The work of translating lasted five years and the publishing date was 1611. About nine-tenths of Tyndale’s work is incorporated into the King James Version. Some of the motives for undertaking this translation are:

            1.         Since Tyndale, great strides had been made in Greek and Hebrew scholarship, so that King James could find a number of men capable to do the work.

            2.         This was the age of Shakespeare and Spencer when the desire for learning was at a high peak. It was felt that the revisors would endeavor to produce a scholarly work.

            3.         A good translation was needed.

            4.         Since this was not to be the work of one man or one group, and therefore not partial to one viewpoint, it could help to calm the religious turmoil that existed at that time.

The KJV had its drawbacks; consequently, a new edition appeared two years later with more than 400 alterations. For us today it also has some drawbacks:

            1.         It uses many out-dated words, some of which do not at all mean today what they meant in 1611.

            2.         Several important manuscripts have been discovered (Vatican, Sinitic, Alexandrian and Ephraem) which were not available to the KJV translators.
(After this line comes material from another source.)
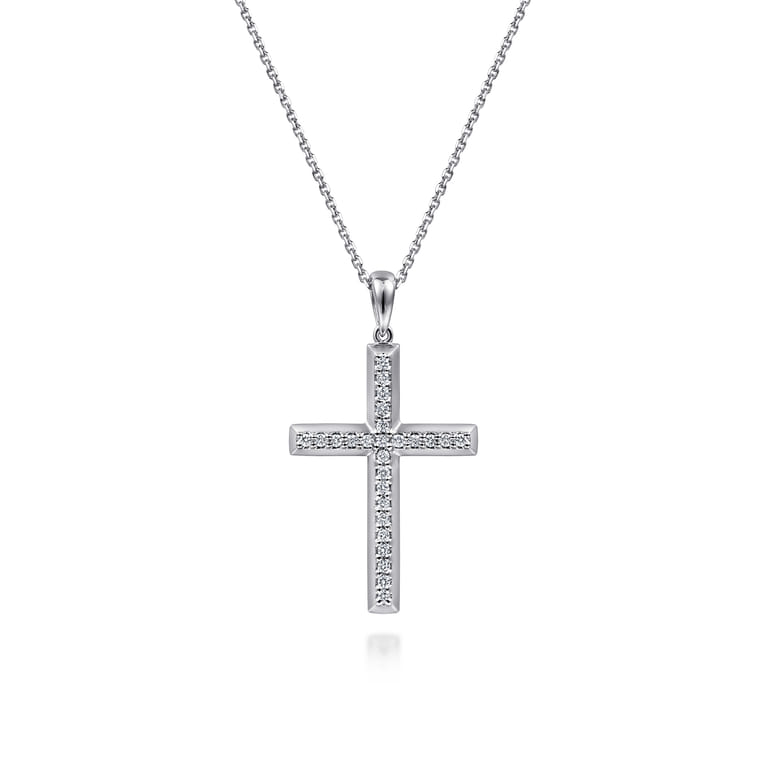 14K White Gold Beveled Pave Diamond Cross Necklace - 0.2 ct - Shot 1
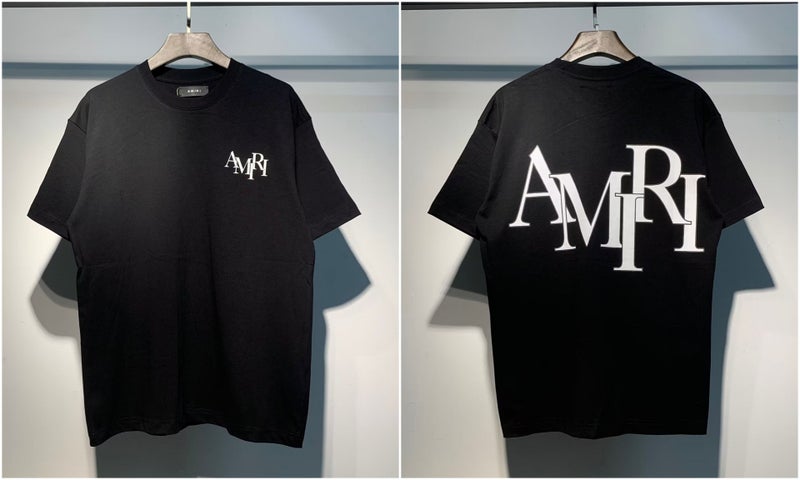 Real S 2024 Digital High-Definition Printing Amiri Letter Pattern Youth Cotton Short Sleeve T-Shirt - Image 1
This will support those who feel that the accepted text from which the KJV was translated is inferior and that, therefore, the result is likewise inferior.

            3.         There are some mistranslations, but fortunately none which affect the articles of faith. The same cannot be said of some later versions.

One last ancient version, which is really only the New Testament, is Wesley’s revision of the King James Version, appearing in 1755. It made some 12,000 changes in an effort to improve the sense by making it stronger, clearer, or more consistent with the context. This version divided the text of the Bible into paragraphs.